● **Your instructions**
Please output the entries below from the line that contains "Soji Contemporary Globe" through the final line, reproduced exactly and alone.

● **Source information**

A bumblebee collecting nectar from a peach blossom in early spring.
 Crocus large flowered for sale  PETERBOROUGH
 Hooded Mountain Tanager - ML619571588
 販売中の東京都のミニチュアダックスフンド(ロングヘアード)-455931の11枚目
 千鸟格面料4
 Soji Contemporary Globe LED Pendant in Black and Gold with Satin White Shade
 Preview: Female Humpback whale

● **Written reply**
 Soji Contemporary Globe LED Pendant in Black and Gold with Satin White Shade
 Preview: Female Humpback whale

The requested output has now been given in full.